The standard Transformer models in machine learning have encountered significant challenges when applied to graph data due to their quadratic computational complexity, which scales with the number of nodes in the graph. Past efforts to navigate these obstacles have tended to diminish the key advantage of self-attention, which is a global receptive field, or have been incompatible with the relative structural encoding used in graph Transformers.
A team of researchers proposed a novel solution named AnchorGT, which addresses the scalability issue while simultaneously maintaining the power of transformers. The central concept of AnchorGT is assigning a small set of strategically chosen “anchor” nodes that represent information hubs.

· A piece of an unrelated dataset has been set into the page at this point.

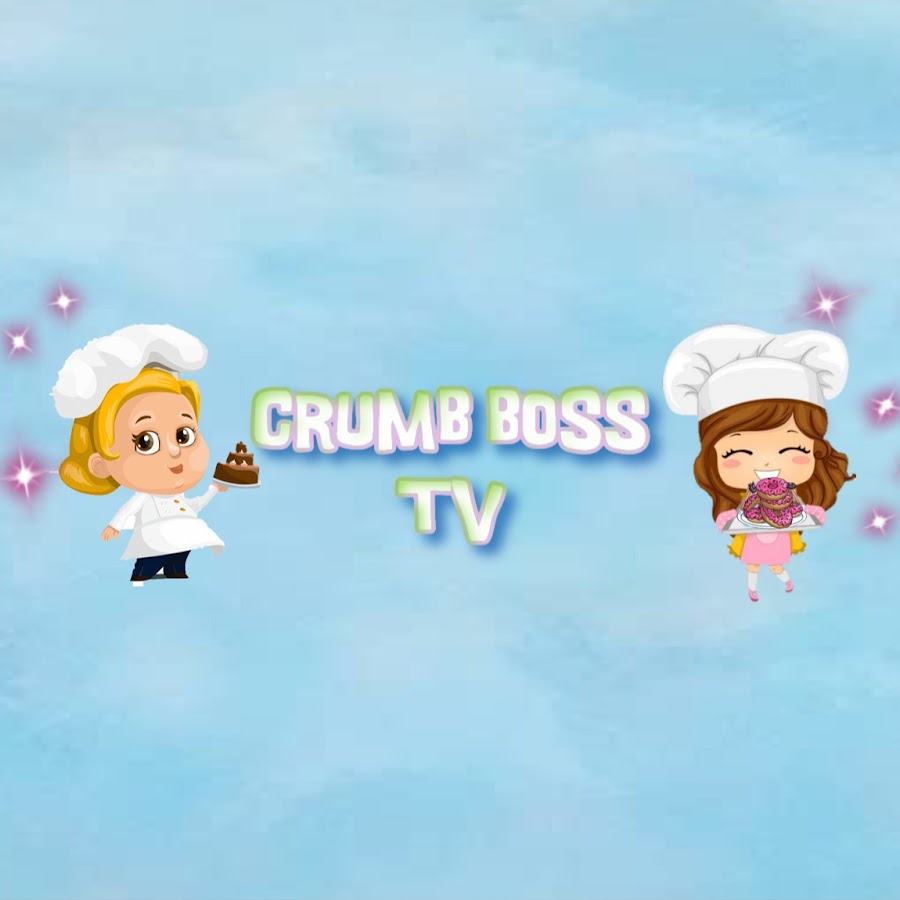 Crumb Boss TV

Instead of every node attending to all others, nodes only need to attend to their local neighbors and these anchors, substantially reducing computational load while still transmitting wider information.
The team used a concept from graph theory called the “k-dominating set” to select these anchor nodes. This efficient selection process involves iteratively choosing high-degree nodes and removing their k-hop neighborhoods until all nodes are covered. Each node’s attention is then focused on its k-hop neighbors and the anchor set.
The researchers theoretically demonstrated that AnchorGT is more expressive than traditional graph neural networks. This was based on certain conditions, such as the shortest path distance, and according to the Weisfeiler-Lehman test, a powerful tool for graph representation analysis.
Throughout their experiments, the researchers tested AnchorGT versions of popular graph Transformer models on multiple learning tasks. The results showed that these AnchorGT models matched or outperformed their original models in performance while being more memory-efficient and faster. For example, Graphormer-AnchorGT outperformed the original Graphormer using 60% less GPU memory during training.
The success of AnchorGT is attributed to its ability to maintain a balance between computational efficiency and expressive power. By utilizing the concept of anchor nodes and redesigning the attention mechanism, the researchers have made graph Transformers more practical for large-scale data, extending their applications to a wider range of domains involving graph-structured data.